Kantar Millward Brown has released its annual digital and media predictions for 2017, with its top recommendation being the need to understand Generation Z.
“Gen Z will not only change how brands communicate but also create challenges in how brands demonstrate authenticity and transparency in digital,” said Duncan Southgate, global brand director, media & digital at Kantar Millward Brown. “Strategies that are likely to be successful include investment in digital platforms that allow consumers to co-create a shared brand experience; Gen Z will be hands on – they want to try it, take it apart and re-create it.”
Gen Z are those born between 1997 and 2011, and are estimated to number two billion members globally – approximately 27% of the world’s population. Described as frugal and brand-wary but also industrious and collaborative, Gen Z will capture a large part of a brand’s media and marketing focus and budget in the year ahead. This group will challenge not only how brands communicate, but the very notion of a brand’s authenticity and transparency in digital.
Successful brands will embrace three paradigm shifts throughout 2017:
- Brands will invest media dollars and focus activity in digital platforms that allow consumers to co-create a shared brand experience.
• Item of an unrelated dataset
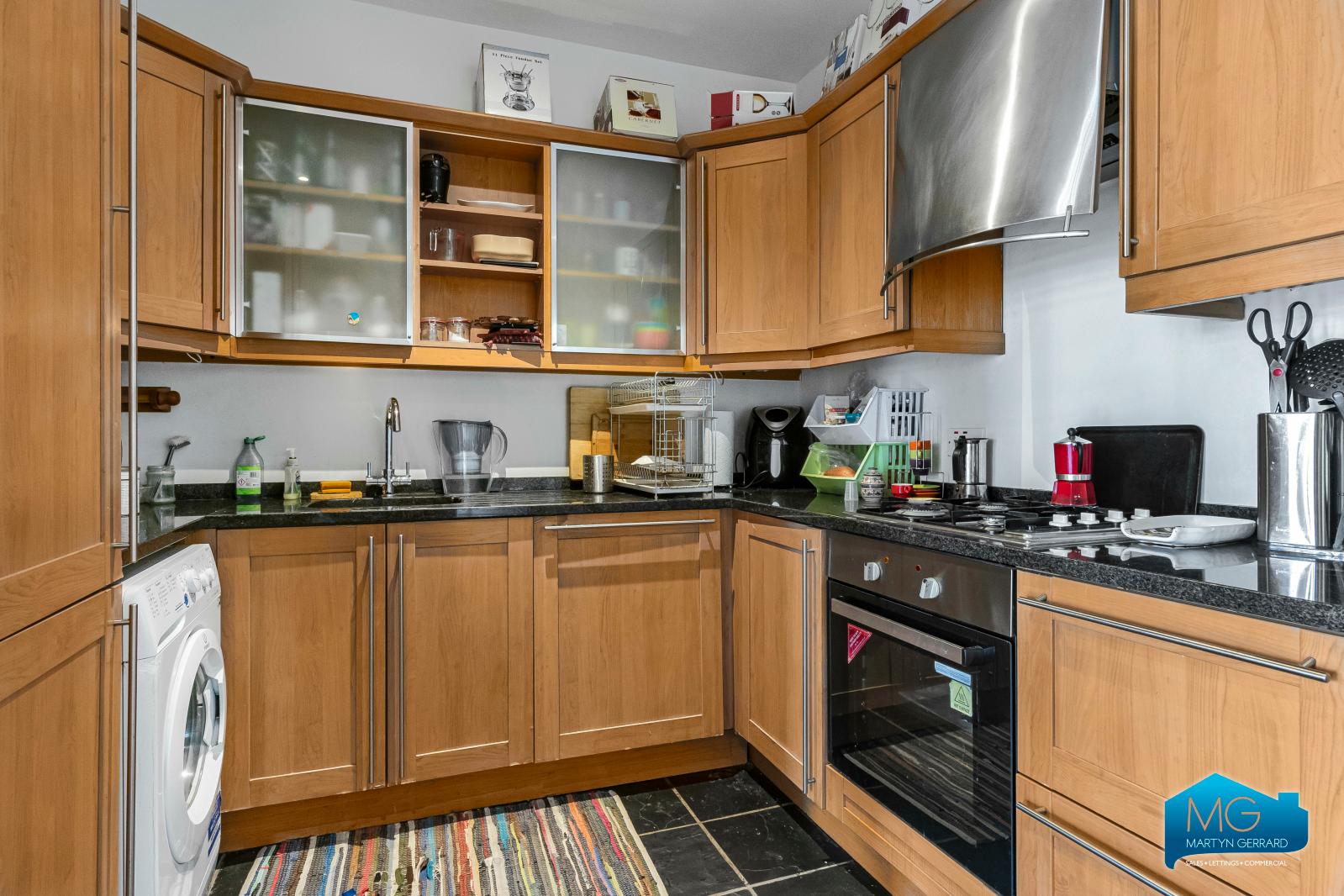 4 bedroom Terraced House to rent - Martyn Gerrard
Unlike the personalisation coveted by Millennials, Gen Z will be hands-on – they want to try it, take it apart and re-create it.
- Brands will give their target consumers a deeper look at themselves through owned media (social, apps, and websites). In addition to products and services for sale, brands will share their story, their purpose and details about their production processes so Gen Z can determine if the brand’s values match their own. This narrative will be further cascaded through strategically placed branded and sponsored content.
- Brands will shift their focus to right-brained influence. The foundations of the internet and digital media were left brain, with a focus on the linear, factual and linguistic. Digital media for Gen Z will be right brain with a focus on imagination through augmented reality and virtual reality; non-verbal immersive formats and stronger visual imagery; and emotive through emphasising music and narratives.
“This will require a new approach to branded content,” said Southgate. “With the landscape ripe for new creativity, marketers will need to closely monitor which formats Gen Z and other consumers find annoying and intrusive, particularly on their first screen, mobile. Alongside this new form of content, marketers also need to deliver a seamless brand experience across all touchpoints. Gen Z have grown up in a connected world and are impatient towards disjointed online/offline models that are older than they are – and this group will not adapt.”
Making all this happen, requires a single view of the consumer and a consistent brand experience, something that will require new ideas and considerable time and investment. For many established brands, this will require years of focus on structure and data management. In 2017, the goal should be to focus on tone of voice and delivering a consistent brand experience across touchpoints that have the most impact and influence.
Kantar Millward Brown also anticipates other important changes, including:
- Balancing targeting and intrusion – In 2017, marketers will focus on finding the right balance between programmatic targeting and what consumers feel is an intrusive level of messaging. Advertisers and their agencies will use a greater mix of audience targeting data based on brand affinity, interests and the appropriate demographics. Kantar Millward Brown expects to see a shift away from simplistic blunt-instrument targeting based on a single input – be it behavior (websites visited, items in a shopping cart), demographics, or stand-alone brand affinity.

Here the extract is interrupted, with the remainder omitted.